WORK TASK: Transcribe the full listing below, word for word, without pictures.

MATERIAL PROVIDED:
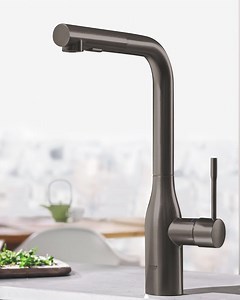 FR / Le mitigeur de cuisine GROHE Essence est un incontournable ! 😍 Conçu pour être facile à utiliser, il offre un vaste choix de superbes finitions et de couleurs. Élégance du chrome ou modernité du PVD coloré, GROHE Essence est un partenaire de cuisine fiable qui vous accompagnera pour de nombreuses années. - NL / De GROHE Essence keukenmengkraan is een echte must-have! 😍 Hij is ontworpen met het oog op gebruiksgemak en biedt een ruime keuze aan prachtige afwerkingen en kleuren. Elegant chro
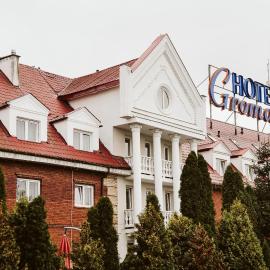 Hotel Groman, hotel Sękocinban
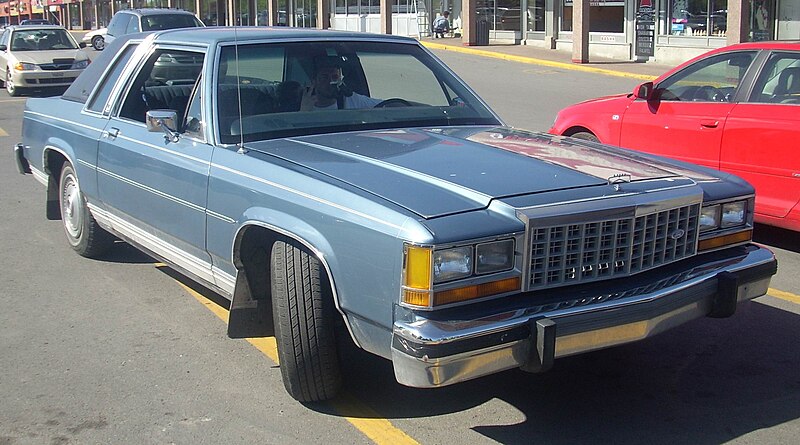 800px-%2787_Ford_LTD_Crown_Victoria_Coupe.JPG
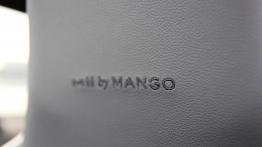Seat Mii 5d by Mango 1.0 MPI 75KM - galeria redakcyjna - zagłówek na fotelu kierowcy, widok z przodu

RESPONSE TO THIS EXERCISE:
 FR / Le mitigeur de cuisine GROHE Essence est un incontournable ! 😍 Conçu pour être facile à utiliser, il offre un vaste choix de superbes finitions et de couleurs. Élégance du chrome ou modernité du PVD coloré, GROHE Essence est un partenaire de cuisine fiable qui vous accompagnera pour de nombreuses années. - NL / De GROHE Essence keukenmengkraan is een echte must-have! 😍 Hij is ontworpen met het oog op gebruiksgemak en biedt een ruime keuze aan prachtige afwerkingen en kleuren. Elegant chro
 Hotel Groman, hotel Sękocinban
 800px-%2787_Ford_LTD_Crown_Victoria_Coupe.JPG
Seat Mii 5d by Mango 1.0 MPI 75KM - galeria redakcyjna - zagłówek na fotelu kierowcy, widok z przodu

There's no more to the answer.